馬のサク癖では空気を飲んでいない?
話題 - 2023年01月14日 (土)

サク癖は、馬用語で「グイッポ」とも呼ばれ、固定された物体を前歯で咥えて、それを支点にして頭頚部を屈曲させながら空気を飲み込むような動作を指します。
ここでは、馬のサク癖における「空気を飲み込む」という動作の真偽を調査した知見を紹介します。この研究では、サク癖行動をしたいる馬の頭頚部を、X線透視装置および内視鏡で撮影することで、咽頭から食道近位部における空気の移動状況が解析されました。
参考文献:
McGreevy PD, Richardson JD, Nicol CJ, Lane JG. Radiographic and endoscopic study of horses performing an oral based stereotypy. Equine Vet J. 1995 Mar;27(2):92-5.
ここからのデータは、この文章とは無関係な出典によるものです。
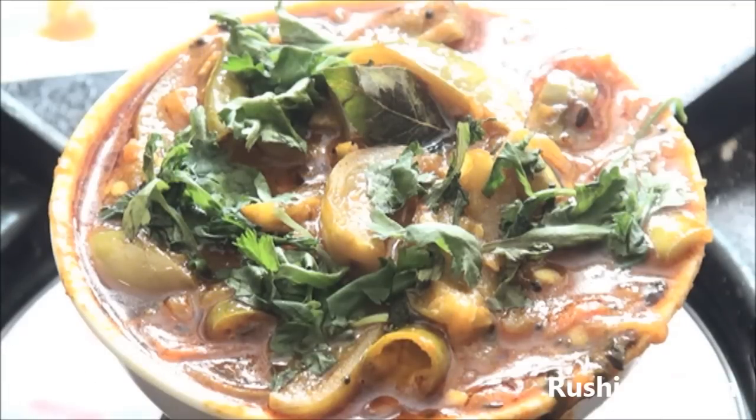Hello and welcome to the show. Today I'm going to explain how exactly to do a simple brinjal curry with tomato. Now let us look into the ingredients required for this curry.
結果としては、透視装置の側方撮影像によって、馬の嚥下動作をリアルタイムに描出できることが示されましたが、サク癖の所作の最中には、空気の嚥下は起きていないことが分かり、食道から胃へと空気が入っていく所見も認められませんでした。具体的には、グイッポの音が出るタイミングに合わせて、一過性の食道近位部の拡張が起こり、尾側へと吸引された少量の空気も、すぐに咽頭部へと押し戻されている様子が確認されました。

この研究では、頚部の舌骨下筋が収縮することで、食道周囲組織に圧力勾配を作って、咽頭から食道内への空気の吸引を引き起こすことが判明しており、その後に、食道の分節運動は生じていないことから、サク癖が「空気を飲み込む」という行動であることは否定されています。このため、サク癖の英語名である「Wind-sucking」も再定義されるべきだと提唱されています。
Photo courtesy of Equine Vet J. 1995 Mar;27(2):92-5. (doi: 10.1111/j.2042-3306.1995.tb03042.x.)